### [YOUR INSTRUCTIONS]
For the data below, restate word for word only the lines from the line containing "Taza De Café" through the line containing "Gilet Tendance pour", both ends included.

### [PROVIDED DATA]
----

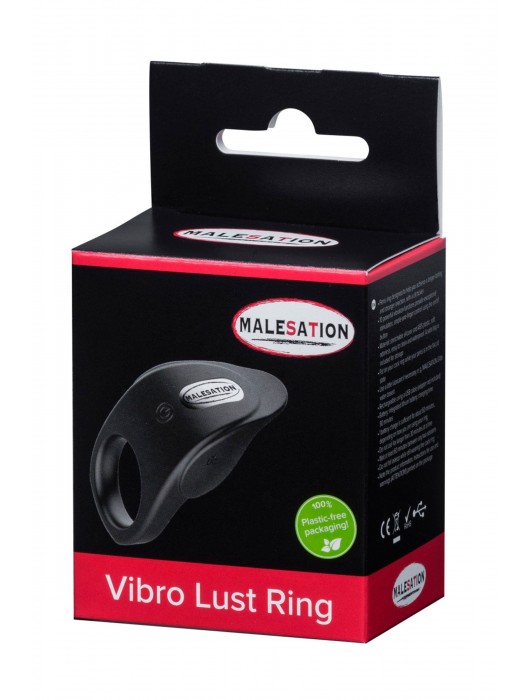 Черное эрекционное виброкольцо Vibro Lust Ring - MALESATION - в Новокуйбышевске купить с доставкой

----

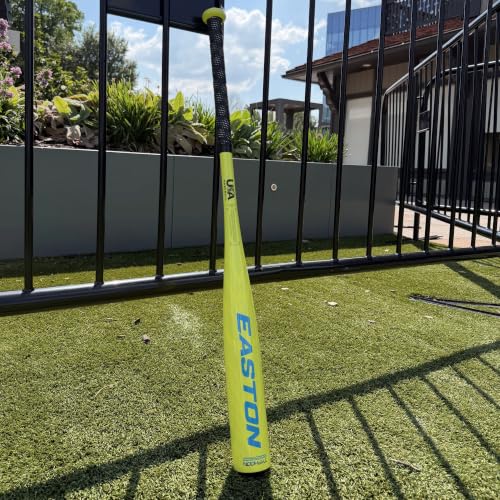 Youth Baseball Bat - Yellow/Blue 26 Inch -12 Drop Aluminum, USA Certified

----

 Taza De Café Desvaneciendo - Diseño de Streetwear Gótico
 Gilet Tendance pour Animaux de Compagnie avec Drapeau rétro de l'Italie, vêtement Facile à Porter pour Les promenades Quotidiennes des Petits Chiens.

----

### [OUTPUT]
 Taza De Café Desvaneciendo - Diseño de Streetwear Gótico
 Gilet Tendance pour Animaux de Compagnie avec Drapeau rétro de l'Italie, vêtement Facile à Porter pour Les promenades Quotidiennes des Petits Chiens.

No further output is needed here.